On Jan 15, 2010, at 3:06 AM, Krzysztof KosiĆski wrote:
Using a list will result in completely unacceptable performance. Most actions will be O(n^2) where n is the number of selected nodes, because most actions that work on selected nodes check whether each one is selected. Using a sorted set instead of a hash set / hash map is slightly better - O(n log n), but this structure is also inadequate. The correct alternative is fixing Apple's broken and outdated headers and using a hash set, then we get O(n) on average.
BTW, I did expect the type of list to be a factor here... but you did not cite the important information.
Logically in an abstract world, what statements you've made here are perhaps sufficient. Unfortunately such abstractions can lead to spherical cows
http://en.wikipedia.org/wiki/Spherical_cow
We need to see a bit of the actual numbers involved. Among other things, CPU look-ahead and caching can significantly affect performance... I've seen simple arrays and array walking outperform hash tables/maps contrary to Big-O predictions. (If interested, I think MSDN has a decent article on this).

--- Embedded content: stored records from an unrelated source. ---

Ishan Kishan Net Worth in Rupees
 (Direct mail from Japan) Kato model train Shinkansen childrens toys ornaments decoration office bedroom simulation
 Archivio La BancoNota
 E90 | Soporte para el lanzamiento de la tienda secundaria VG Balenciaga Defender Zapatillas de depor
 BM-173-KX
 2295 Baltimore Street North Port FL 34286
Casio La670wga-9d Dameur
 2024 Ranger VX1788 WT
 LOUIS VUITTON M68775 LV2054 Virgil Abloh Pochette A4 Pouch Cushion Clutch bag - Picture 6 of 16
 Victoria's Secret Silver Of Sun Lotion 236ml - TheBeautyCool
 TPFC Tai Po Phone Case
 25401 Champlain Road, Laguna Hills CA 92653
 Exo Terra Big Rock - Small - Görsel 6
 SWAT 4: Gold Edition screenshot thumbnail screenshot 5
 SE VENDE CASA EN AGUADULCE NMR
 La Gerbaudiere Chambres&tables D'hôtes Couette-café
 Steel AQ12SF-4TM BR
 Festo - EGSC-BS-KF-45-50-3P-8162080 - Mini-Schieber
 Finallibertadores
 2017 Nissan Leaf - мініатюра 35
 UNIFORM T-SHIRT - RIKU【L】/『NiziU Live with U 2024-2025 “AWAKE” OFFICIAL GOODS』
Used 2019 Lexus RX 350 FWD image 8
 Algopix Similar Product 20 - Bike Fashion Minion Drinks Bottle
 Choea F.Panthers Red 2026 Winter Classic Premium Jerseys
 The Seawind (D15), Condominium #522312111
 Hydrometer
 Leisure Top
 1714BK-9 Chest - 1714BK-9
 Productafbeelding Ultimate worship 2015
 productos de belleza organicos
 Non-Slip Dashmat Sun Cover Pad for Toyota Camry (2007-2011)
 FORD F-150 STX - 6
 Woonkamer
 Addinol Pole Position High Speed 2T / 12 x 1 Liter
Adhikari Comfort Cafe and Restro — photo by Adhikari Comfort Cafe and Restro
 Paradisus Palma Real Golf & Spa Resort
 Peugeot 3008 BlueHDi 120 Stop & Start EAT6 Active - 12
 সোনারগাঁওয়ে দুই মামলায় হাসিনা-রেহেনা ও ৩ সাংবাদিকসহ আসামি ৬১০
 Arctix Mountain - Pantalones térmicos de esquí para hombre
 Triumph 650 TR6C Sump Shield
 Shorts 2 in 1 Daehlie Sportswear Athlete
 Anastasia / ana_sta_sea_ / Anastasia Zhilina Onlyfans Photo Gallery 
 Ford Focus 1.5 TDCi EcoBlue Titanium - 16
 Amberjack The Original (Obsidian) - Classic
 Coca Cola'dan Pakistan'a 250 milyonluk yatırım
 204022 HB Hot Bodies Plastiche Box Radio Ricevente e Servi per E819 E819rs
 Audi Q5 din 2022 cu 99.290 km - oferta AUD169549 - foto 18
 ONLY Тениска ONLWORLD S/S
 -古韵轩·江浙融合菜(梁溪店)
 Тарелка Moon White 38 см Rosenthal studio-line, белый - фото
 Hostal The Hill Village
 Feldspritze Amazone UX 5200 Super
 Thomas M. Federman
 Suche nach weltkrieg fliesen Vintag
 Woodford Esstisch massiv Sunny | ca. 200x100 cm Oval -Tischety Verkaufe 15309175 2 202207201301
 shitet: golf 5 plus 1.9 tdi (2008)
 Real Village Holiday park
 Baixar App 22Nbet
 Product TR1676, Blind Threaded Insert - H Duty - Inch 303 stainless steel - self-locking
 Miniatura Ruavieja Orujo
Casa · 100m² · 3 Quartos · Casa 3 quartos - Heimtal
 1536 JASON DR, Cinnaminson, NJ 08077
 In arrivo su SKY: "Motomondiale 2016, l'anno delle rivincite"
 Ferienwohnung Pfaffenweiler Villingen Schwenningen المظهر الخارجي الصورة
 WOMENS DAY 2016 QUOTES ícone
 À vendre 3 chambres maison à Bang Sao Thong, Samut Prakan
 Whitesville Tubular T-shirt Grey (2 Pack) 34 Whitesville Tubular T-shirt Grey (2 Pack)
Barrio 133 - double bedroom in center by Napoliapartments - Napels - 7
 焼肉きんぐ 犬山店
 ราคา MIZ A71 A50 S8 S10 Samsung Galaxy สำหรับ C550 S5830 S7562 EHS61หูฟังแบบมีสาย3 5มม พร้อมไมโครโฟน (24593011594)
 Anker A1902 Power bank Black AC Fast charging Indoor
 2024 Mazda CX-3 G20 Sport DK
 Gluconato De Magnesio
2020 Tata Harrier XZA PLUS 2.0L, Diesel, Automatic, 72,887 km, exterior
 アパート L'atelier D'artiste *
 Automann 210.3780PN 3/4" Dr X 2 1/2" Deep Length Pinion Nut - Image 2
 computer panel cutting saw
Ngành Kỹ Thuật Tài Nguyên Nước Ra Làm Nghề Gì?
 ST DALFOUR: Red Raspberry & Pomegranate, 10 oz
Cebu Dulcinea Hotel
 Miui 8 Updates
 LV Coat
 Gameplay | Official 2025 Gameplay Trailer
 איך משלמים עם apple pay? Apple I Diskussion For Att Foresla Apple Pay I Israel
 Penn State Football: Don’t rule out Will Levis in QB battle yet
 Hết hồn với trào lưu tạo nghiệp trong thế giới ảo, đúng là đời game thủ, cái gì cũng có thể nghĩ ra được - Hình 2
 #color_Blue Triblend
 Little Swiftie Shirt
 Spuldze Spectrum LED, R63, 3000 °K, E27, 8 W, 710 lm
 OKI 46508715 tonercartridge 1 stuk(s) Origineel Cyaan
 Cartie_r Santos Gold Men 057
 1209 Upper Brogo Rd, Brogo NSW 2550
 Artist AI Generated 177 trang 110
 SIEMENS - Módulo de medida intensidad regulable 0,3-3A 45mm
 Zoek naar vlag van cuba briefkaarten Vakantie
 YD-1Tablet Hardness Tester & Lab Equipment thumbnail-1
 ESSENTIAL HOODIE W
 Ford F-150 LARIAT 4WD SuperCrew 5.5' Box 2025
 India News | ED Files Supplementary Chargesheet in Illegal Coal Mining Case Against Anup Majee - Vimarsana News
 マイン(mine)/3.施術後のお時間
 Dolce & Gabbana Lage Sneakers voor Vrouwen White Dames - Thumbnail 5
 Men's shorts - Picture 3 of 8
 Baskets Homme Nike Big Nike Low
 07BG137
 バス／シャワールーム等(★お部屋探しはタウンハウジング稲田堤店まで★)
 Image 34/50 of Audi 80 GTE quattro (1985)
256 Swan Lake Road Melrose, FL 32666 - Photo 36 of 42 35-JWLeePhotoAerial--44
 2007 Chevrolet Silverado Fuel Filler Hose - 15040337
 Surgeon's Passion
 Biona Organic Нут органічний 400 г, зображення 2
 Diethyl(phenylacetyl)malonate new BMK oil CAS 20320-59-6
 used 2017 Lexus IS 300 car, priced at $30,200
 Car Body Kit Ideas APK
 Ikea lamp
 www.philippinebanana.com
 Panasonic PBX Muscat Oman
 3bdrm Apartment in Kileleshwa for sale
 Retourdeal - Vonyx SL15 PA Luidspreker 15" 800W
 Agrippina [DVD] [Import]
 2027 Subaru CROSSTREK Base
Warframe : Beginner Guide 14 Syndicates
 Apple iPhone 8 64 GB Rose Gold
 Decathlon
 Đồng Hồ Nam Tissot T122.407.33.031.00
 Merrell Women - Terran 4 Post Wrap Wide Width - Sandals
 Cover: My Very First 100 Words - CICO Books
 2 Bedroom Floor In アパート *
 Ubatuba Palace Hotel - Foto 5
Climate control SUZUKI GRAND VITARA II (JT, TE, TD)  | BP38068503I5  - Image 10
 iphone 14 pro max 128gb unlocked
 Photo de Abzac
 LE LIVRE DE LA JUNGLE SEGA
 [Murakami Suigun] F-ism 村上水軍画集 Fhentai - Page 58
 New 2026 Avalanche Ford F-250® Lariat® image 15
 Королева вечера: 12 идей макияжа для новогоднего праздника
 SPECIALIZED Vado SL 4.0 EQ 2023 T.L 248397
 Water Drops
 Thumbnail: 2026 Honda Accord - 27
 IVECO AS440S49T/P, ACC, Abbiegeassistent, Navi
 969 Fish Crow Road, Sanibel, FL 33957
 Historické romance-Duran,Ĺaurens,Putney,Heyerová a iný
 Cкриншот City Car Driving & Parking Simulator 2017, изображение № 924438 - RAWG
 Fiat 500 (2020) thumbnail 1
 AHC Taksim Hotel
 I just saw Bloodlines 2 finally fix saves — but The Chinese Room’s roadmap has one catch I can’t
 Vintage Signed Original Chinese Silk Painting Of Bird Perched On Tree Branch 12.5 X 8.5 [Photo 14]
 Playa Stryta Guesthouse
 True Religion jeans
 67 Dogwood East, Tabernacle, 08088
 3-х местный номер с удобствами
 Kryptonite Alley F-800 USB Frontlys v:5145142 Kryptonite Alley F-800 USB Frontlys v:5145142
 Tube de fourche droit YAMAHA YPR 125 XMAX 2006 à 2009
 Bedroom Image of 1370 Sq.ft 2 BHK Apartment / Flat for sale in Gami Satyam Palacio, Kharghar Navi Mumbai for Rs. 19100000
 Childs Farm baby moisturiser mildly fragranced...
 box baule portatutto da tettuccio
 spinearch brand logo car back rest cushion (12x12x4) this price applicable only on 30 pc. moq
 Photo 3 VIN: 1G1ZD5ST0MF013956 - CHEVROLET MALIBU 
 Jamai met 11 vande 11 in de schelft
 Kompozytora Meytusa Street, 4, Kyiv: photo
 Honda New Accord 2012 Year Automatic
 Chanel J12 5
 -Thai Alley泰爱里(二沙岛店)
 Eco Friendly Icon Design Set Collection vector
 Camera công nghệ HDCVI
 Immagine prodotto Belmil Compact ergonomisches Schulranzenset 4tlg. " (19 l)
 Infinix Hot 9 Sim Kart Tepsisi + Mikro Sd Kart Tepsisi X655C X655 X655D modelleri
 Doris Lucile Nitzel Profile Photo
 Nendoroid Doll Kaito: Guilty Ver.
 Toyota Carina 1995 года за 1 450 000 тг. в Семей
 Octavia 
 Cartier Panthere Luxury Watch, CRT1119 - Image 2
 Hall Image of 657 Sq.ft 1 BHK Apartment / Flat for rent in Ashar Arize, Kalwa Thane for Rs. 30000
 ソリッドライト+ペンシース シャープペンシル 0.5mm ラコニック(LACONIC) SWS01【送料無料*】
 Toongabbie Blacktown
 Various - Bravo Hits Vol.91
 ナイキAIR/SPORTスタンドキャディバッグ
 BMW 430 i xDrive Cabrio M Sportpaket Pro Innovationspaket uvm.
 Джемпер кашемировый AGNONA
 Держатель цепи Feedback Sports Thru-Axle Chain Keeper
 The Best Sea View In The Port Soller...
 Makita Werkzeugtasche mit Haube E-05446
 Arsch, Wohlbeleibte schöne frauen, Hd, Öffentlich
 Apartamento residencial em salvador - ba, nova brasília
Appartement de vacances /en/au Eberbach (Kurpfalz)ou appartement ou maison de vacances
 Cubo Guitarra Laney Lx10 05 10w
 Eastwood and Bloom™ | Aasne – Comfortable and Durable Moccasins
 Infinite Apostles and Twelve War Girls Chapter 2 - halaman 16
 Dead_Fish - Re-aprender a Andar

So the statement "will result" is really more of "may result, in the abstract". The number of items that we might encounter in use probably is a large factor. So we really need to see some rough numbers for min, max and median counts, along with a bit of performance smoke-testing comparing hash-set to some others. Of course, this needs to be in the context of the whole program compiled with the final optimization levels used for release (I generally have my debug builds set to compile with no optimizations, so as to allow for debugging)
You also only seemed to compare one set implementation to another... but there are other data structures that might be employed. So at the abstract level the information there is missing. Now, we do know that the one hashing algorithm used is merely the pointer cast to an int, so we might have a clue as to the shape of the data and the performance of the hashing itself. However, the size of sets involved and the types of operations performed need to be listed too are factors.
(Again, I'm *guessing* that hashed set will help Inkscape's performance. However, without any details we are just guessing... and that is not software engineering)